Decimal to binary conversion in c programming language. C source code for decimal to binary conversion:


#include<stdio.h>


int main(){

    long int decimalNumber,remainder,quotient;

    int binaryNumber[100],i=1,j;


    printf("Enter any decimal number: ");

    scanf("%ld",&decimalNumber);


    quotient = decimalNumber;


    while(quotient!=0){

         binaryNumber[i++]= quotient % 2;

         quotient = quotient / 2;

    }


    printf("Equivalent binary value of decimal number %d: ",decimalNumber);

    for(j = i -1 ;j> 0;j--)

         printf("%d",binaryNumber[j]);


    return 0;

}

Sample output:

Enter any decimal number: 50
Equivalent binary value of decimal number 50: 110010



Algorithm:


Binary number system: It is base 2 number system which uses the digits from 0 and 1.

Decimal number system:
It is base 10 number system which uses the digits from 0 to 9

Convert from decimal to binary algorithm:

Following steps describe how to convert decimal to binary

Step 1: Divide the original decimal number by 2
Step 2: Divide the quotient by 2
Step 3: Repeat the step 2 until we get quotient equal to zero.

Equivalent binary number would be remainders of each step in the reverse order.

Decimal to binary conversion with example:

For example we want to convert decimal number 25 in the binary.

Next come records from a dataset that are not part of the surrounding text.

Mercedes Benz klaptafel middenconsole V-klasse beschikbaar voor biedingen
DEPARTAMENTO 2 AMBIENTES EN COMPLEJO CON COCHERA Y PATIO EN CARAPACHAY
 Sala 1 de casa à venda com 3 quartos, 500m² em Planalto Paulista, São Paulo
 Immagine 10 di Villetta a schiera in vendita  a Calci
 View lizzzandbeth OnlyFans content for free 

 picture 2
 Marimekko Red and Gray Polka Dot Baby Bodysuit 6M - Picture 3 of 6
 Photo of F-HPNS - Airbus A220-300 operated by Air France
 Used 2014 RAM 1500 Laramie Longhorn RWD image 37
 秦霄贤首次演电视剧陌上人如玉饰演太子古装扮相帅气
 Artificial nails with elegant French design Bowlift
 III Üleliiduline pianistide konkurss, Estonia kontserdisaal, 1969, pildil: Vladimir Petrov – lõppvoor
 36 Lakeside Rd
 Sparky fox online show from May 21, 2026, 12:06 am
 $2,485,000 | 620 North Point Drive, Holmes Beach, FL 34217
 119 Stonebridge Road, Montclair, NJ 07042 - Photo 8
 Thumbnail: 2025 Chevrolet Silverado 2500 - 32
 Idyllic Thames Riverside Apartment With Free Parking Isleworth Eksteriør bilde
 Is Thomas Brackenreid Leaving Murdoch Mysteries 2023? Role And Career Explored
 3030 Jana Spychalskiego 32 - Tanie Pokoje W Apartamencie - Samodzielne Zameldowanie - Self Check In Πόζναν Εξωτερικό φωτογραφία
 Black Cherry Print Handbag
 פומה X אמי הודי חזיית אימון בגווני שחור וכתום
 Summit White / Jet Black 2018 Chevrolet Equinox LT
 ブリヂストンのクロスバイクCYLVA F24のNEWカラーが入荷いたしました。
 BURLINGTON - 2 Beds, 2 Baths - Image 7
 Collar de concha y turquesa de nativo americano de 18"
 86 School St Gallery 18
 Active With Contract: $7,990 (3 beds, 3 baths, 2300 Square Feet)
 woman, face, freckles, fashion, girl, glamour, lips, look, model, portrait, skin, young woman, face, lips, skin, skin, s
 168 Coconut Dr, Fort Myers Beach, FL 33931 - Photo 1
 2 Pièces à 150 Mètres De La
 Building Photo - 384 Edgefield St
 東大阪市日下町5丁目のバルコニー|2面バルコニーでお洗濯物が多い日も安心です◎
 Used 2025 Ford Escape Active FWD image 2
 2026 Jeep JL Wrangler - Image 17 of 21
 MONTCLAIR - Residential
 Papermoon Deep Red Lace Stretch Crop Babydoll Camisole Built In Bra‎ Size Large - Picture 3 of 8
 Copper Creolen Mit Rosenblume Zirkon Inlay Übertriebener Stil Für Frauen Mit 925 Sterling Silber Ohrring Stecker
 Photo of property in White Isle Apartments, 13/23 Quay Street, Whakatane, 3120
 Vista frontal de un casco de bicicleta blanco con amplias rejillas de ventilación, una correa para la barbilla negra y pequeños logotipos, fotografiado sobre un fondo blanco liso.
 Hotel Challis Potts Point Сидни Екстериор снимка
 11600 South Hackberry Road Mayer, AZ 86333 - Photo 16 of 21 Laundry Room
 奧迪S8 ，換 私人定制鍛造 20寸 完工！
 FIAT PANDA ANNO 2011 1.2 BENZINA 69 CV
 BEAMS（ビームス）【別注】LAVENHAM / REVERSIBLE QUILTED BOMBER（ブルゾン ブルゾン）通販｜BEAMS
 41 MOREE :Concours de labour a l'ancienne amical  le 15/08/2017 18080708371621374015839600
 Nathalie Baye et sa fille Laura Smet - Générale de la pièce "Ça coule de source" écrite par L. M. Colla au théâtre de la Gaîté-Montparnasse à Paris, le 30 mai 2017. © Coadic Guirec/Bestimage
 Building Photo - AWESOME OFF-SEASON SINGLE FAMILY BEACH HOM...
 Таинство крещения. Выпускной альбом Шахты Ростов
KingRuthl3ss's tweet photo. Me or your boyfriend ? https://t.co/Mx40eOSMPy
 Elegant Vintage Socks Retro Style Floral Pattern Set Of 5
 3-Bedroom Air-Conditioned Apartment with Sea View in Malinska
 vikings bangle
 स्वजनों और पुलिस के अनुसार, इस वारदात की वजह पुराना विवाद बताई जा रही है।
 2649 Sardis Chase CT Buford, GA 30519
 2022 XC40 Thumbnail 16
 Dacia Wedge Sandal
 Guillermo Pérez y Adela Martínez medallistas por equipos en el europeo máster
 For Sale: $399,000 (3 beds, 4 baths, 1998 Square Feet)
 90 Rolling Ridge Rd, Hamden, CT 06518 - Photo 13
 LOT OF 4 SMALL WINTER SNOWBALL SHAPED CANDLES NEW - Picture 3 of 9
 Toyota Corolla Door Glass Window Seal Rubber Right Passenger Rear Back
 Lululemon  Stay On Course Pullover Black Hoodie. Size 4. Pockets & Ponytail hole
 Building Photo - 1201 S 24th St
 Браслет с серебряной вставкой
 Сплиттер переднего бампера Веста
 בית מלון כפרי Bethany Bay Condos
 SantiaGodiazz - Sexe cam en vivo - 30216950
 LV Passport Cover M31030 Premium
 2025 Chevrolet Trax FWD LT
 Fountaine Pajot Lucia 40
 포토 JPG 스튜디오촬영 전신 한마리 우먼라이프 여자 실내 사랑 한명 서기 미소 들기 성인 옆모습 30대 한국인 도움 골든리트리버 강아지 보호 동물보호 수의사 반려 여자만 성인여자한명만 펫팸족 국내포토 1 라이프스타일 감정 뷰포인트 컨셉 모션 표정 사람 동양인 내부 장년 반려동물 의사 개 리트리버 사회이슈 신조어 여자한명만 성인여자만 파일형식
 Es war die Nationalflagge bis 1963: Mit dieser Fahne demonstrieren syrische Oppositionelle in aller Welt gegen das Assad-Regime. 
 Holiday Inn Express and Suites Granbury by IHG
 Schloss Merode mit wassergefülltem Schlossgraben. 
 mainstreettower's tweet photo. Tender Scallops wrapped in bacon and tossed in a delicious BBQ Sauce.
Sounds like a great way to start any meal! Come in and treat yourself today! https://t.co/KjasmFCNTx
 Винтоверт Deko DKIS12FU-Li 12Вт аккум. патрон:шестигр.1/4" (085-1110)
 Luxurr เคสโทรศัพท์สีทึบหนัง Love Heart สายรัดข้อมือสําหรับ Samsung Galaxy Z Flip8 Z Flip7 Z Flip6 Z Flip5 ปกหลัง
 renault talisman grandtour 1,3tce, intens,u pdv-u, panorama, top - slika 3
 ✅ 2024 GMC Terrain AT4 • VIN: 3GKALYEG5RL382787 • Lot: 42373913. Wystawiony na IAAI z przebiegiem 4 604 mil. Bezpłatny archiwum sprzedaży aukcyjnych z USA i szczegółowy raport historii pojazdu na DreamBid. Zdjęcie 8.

Step 1:  25 / 2  Remainder : 1 , Quotient : 12
Step 2:  12 / 2  Remainder : 0 , Quotient : 6
Step 3:   6 / 2  Remainder : 0 , Quotient : 3
Step 4:   3 / 2  Remainder : 1 , Quotient : 1
Step 5:   1 / 2  Remainder : 1 , Quotient : 0

So equivalent binary number is: 11001
That is (25)10 = (11001)2





6. Write a c program to convert octal number to hexadecimal number.
8. Write a c program to convert hexadecimal number to octal number.
9. Write a c program to convert hexadecimal number to decimal number.
10. Write a c program to convert binary number to octal number.

42 comments:

  1. thanks to ur great effort........ur work has really been helpful to me n will always be grateful to u.....
    thanks!
    aayush.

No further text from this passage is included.